Natomiast za bardzo nie przywiązywałbym się do współitnienia xindi i do udziału archera w powstaniu Federacji. Będąc na miejscu panów B, dążyłbym do zmiany linii zasowej tak aby dopasować ją do późniejszych entków. Tak więc zero xindi itd itp
No i pozostaje nam ten bbcy..... I jeszcze jedno O ile explozja broni tertetyczie mogłaby wywołać cofnięcie się w czasie Archera, to ciekawe jak sie ma do tego statek wocnych no chyba, że założymy,że w wyniku explozji broni cała przestrzeń w sektorze 001 została cofnieta w czasie... Ach skomplikowane to jakoś...
#126
Napisano 02.06.2004 - |23:24|
#127
Napisano 03.06.2004 - |08:44|
- Jeżeli eksplozja "gwiazdy śmierci" ( ) przerzuciła Archera to co przerzuciło Enterprisa? Czyżby Daniels był tak "silny"?
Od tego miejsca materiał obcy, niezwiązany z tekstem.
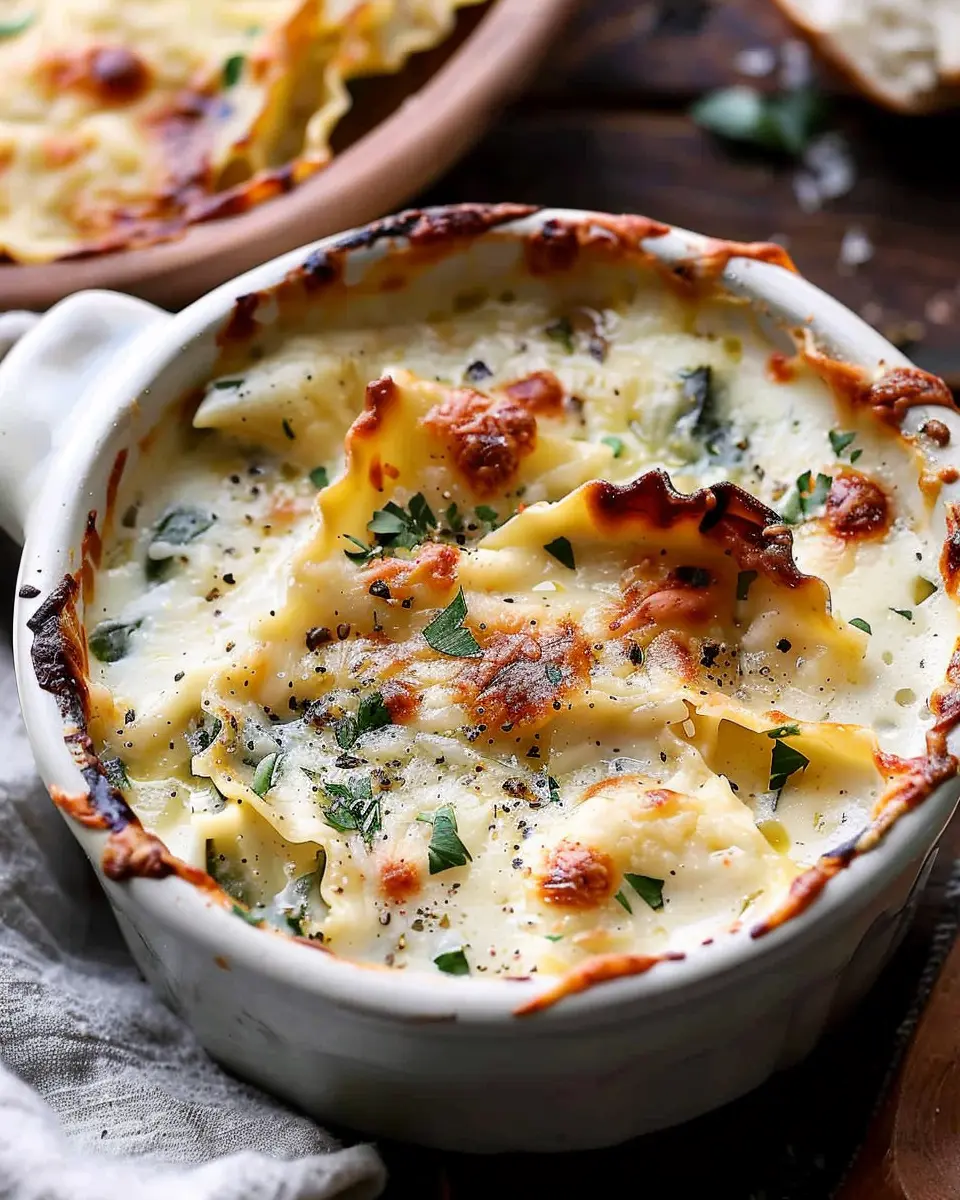 Creamy White Lasagna Soup with Turkey Bacon and Chicken Ham Delight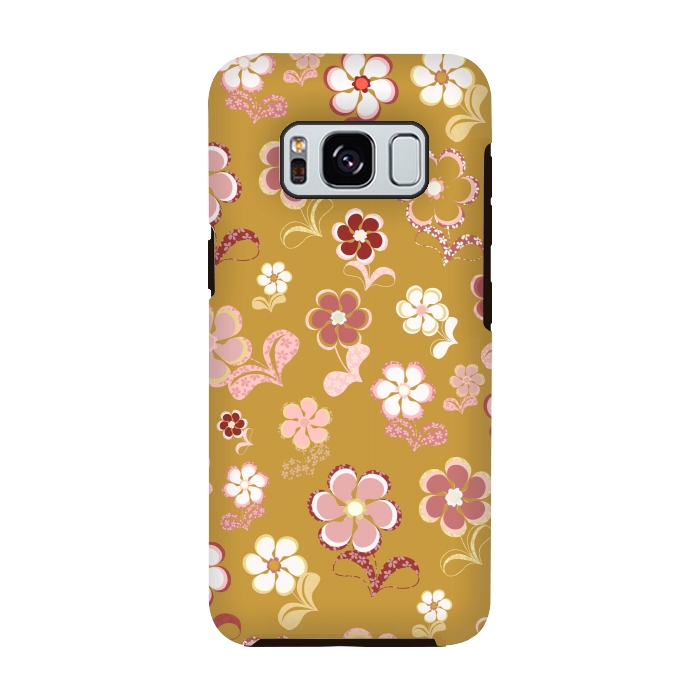 Galaxy S8 StrongFit 60s Flowers in Mustard and Pink by Paula Ohreen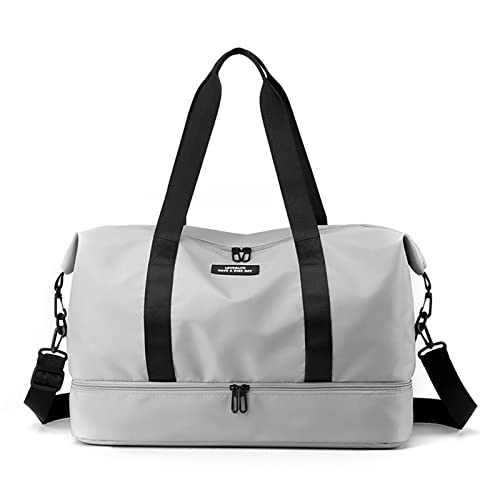 CORIOS Reisetaschen Duffle Bag Nylon Sporttasche für Damen/Herren Faltbare Weekender Übernachtung Tasche Kabinenreisetasche Groß Handtasche für Sport Fitnessstudio Reisen Grau von CORIOS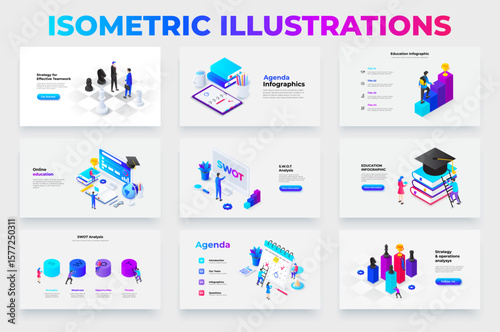 Collection of isometric business and education infographics showcasing teamwork, SWOT, agenda, analysis, learning, and strategy concepts in minimalistic designs.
- Jeżeli eksplozja spowodowała "skok" Ziemi to ponownie co powoduje, że Entek również tam wskoczył? Musiało by się zmienic całe universum bo to Wodni przetransporotwali Entka w pobliże Ziemi.
- Przez krótką chwilę sądziłem, że te wrota, które otworzyli Xindi (pamiętam, że był to dla nich jakiś problem we wczesniejszych odcinkach - bo bron była za duża czy coś takiego) były wrotami do innego czasu ale skąd wtedy stacja orbitalna i skąd Shran ze swoimi Andorianami?
- I jeszcze jedna nielogiczność. Skoro Trip i T'Pol zniszczyli WSZYSTKIE kule a Obszar Delficki powrócił do "normalności" to jaka bitwa była pokazywana Archerowi na Entrprise-J?
- Archer "musi" wskoczyc do normalnej linii czasowej bo podpisuje jako przedstawiciel Ziemi układ o Federacji. Ale skoro nie ma bitwy z XXXV wieku i Enterpsisa-J to może i nie musi podpisywac układu?
Oj namieszali "tfurcy" !
PS. kasyno
Samoloty w ostatnim odcinku to amerykańskie P-51 Mustang.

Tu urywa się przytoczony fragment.